This Buffalo cauliflower recipe, while not Buffalo chicken wings, is easy, surprisingly tasty, healthy, paleo-friendly, and crowd-pleasingly impressive, especially when smothered in blue cheese dip.
With this Buffalo cauliflower recipe, you can have it all–all the awesomeness of Buffalo wings and all the virtuousness of cauliflower. Not to mention all the accolades from everyone who tries it. We’re not suggesting you try to pass this roasted cauliflower off as chicken wings. We’re just saying that chances are you’re not going to recall any other cauliflower recipe from the past. Crowd-pleasingly good and ridiculously easy.–Renee Schettler Rossi
- 1 head cauliflower
- 2 tablespoons plus 1 teaspoon canola oil
- Salt and freshly ground black pepper to taste
- 1/2 cup Frank’s RedHot Sauce (or substitute a different brand hot sauce at your own peril)

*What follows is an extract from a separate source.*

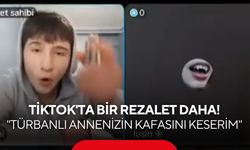 TikTok'ta infial yaratan görüntüler! Elinde bıçakla anneleri hedef aldı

- 1/2 cup store-bought or homemade Sriracha sauce
- 1 stick unsalted butter cut into smallish dice
- Blue cheese crumbled, to taste, and/or Blue Cheese Dip
- Crank up the oven to 375°F (190°C).
- Trim the stem end and any leaves from the cauliflower and toss the trimmings in the compost. Leave the rest of the head of cauliflower whole. Place the entire cauliflower head on a rimmed baking sheet and coat the cauliflower with 2 tablespoons oil and season with salt and pepper to taste. Roast until tender and somewhat browned, 30 to 45 minutes, depending on the size of your cauliflower.
- Meanwhile, in a saucepan, bring the Frank’s RedHot Sauce and Sriracha to a boil. Reduce the heat to a gentle simmer, then slowly whisk in the butter, a few pieces at a time, until everything is melted and incorporated and bubbly. Remove from the heat.

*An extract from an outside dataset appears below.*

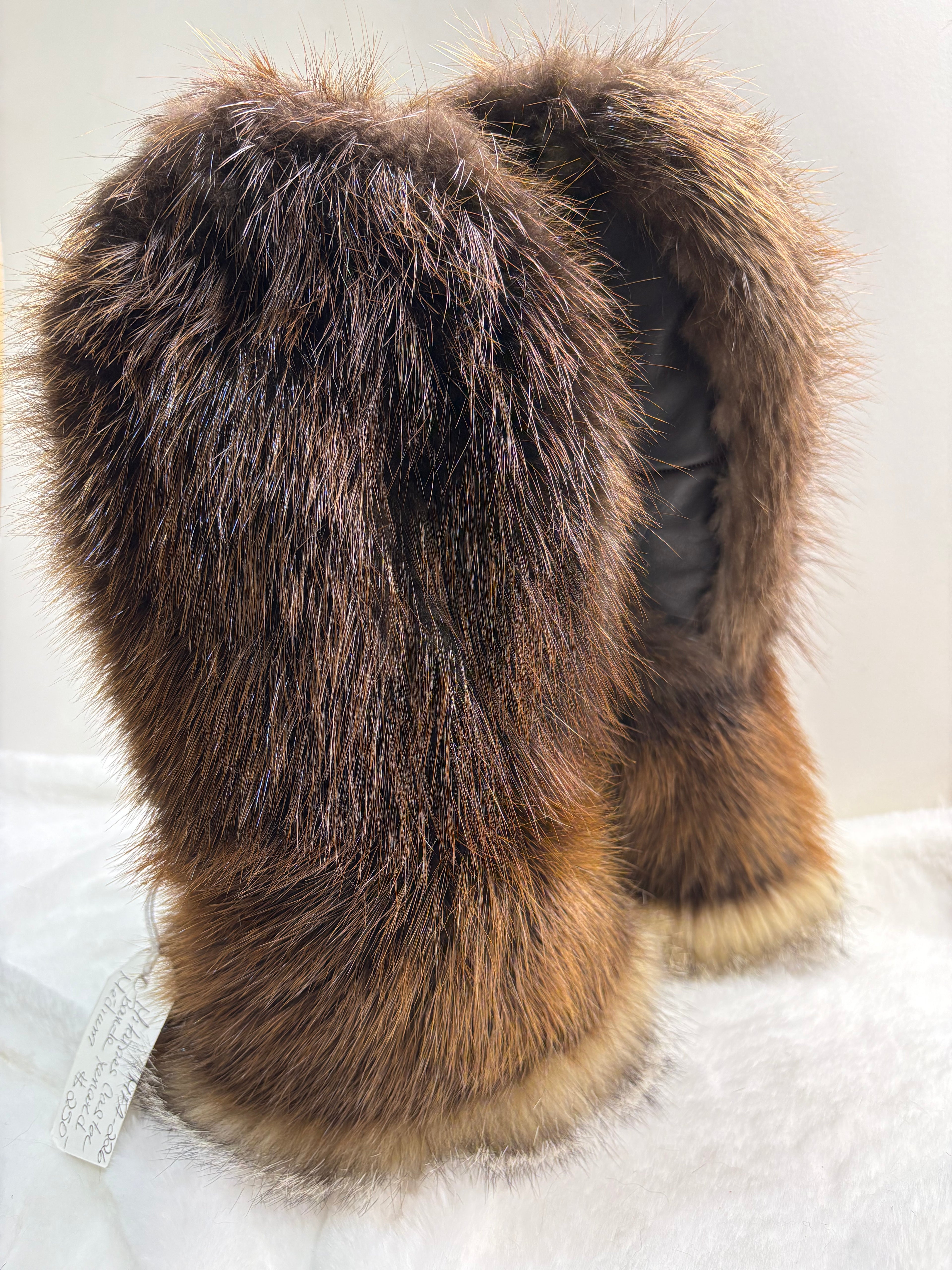 Mitaines de castor et renard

- Cut the cauliflower head into florets. (You don’t want the florets to be too teensy or dainty; rather, you want them to be the proper size to enable you to easily snatch one up from a platter. You know, the size of a chicken wing. Just don’t pop the entire floret in your mouth at once, you heathen.)
- Place a large sauté pan over medium-high heat until hot but not smoking. Add the remaining teaspoon canola oil, then add the cauliflower and salt and pepper to taste and cook, stirring or shaking the pan occasionally, until the cauliflower is warmed through. Carefully add the sauce and cook until everything is warmed through and the cauliflower is completely coated, about a minute or so.
- Plunk the Buffalo cauliflower on a platter and finish with a sprinkling of blue cheese and/or the Blue Cheese Dip on the side.
Recipe Testers’ Reviews
This Buffalo cauliflower is quite possibly one of the best ways to prepare cauliflower. It’s quick, simple, healthful, and beautiful. The proportions for the sauce are perfect. I thought it was going to be way too spicy, but it was fantastic. The blue cheese is a nice touch but not necessary.
The recipe says it could feed 4, but I used a 1 1/2 pound head of cauliflower and I could have eaten the entire dish myself. It was that good.
I roasted my head of cauliflower about 45 minutes to cook it through. When it cooled, I broke it into florets and sautéed them in oil. The one warning I would give is to be careful when adding the hot sauce to the sauté pan. When the sauce hits the pan, it gives off a very spicy aroma—I could feel it in the back of my throat. I’ll hold my breath for that part next time. This was really everyone’s favorite at the last party we had. I can imagine cooking up a head of it just for me.
Hmmmm. Buttery, spicy, Buffalo sauce slathered over sinfully delicious…cauliflower? Yup, cauliflower. Move over chicken wings, there’s a new game day snack in town, and it’s a guaranteed winner.
This crunchy and curiously shaped vegetable is first roasted to bring out its sweeter side, then sautéed and drenched in Buffalo sauce with a special Sriracha kick before being topped with cool, creamy blue cheese. Watch out, things are about to get saucy. I found that 30 minutes wasn’t long enough to get the cauliflower very brown or tender, so I roasted it for another 15 minutes. Perfection.
I tasted the Buffalo cauliflower without the sauce after roasting. It was sooo good, I might just make it like this in the future.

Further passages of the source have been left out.